[How to complete this task]:
Set down the whole listing below exactly. The pictures stay out.

[Data shown]:

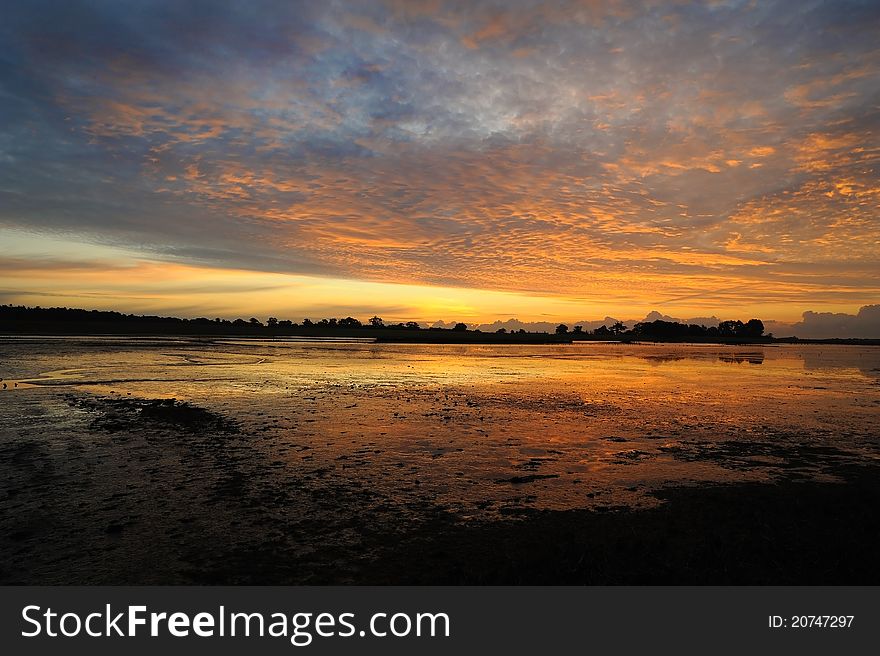 Blythburgh marshes suffolk at dawn
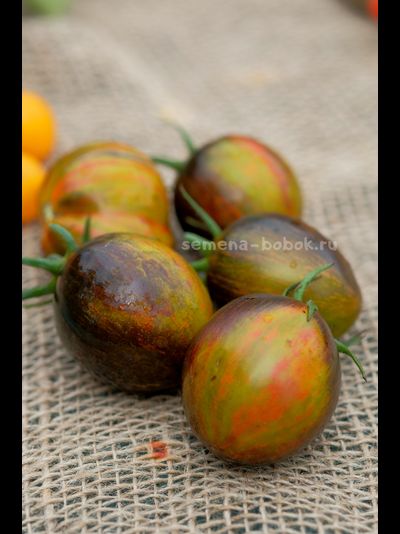 Томат Atomic Fusion (Атомный Сплав), 10 шт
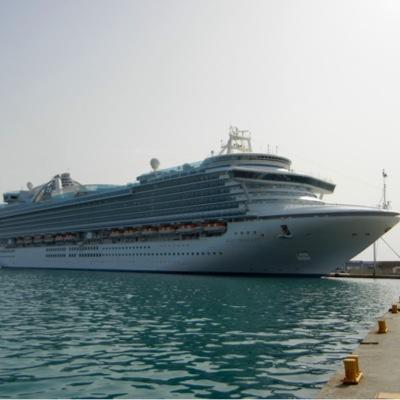 susankwheeler's profile picture. 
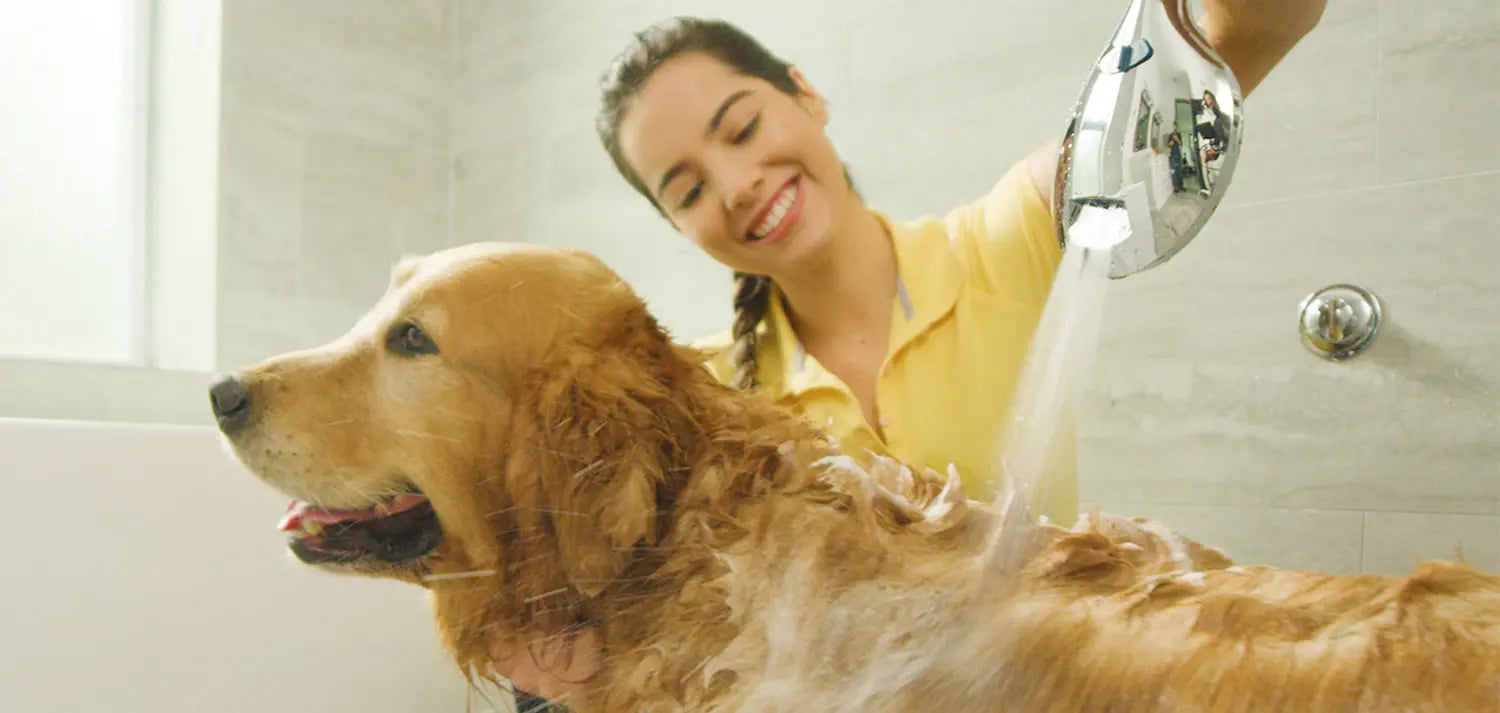 🐾 Tips para bañar a tu perro, dale todos los cuidados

[Response to the task]:
 Blythburgh marshes suffolk at dawn
 Томат Atomic Fusion (Атомный Сплав), 10 шт
 susankwheeler's profile picture. 
 🐾 Tips para bañar a tu perro, dale todos los cuidados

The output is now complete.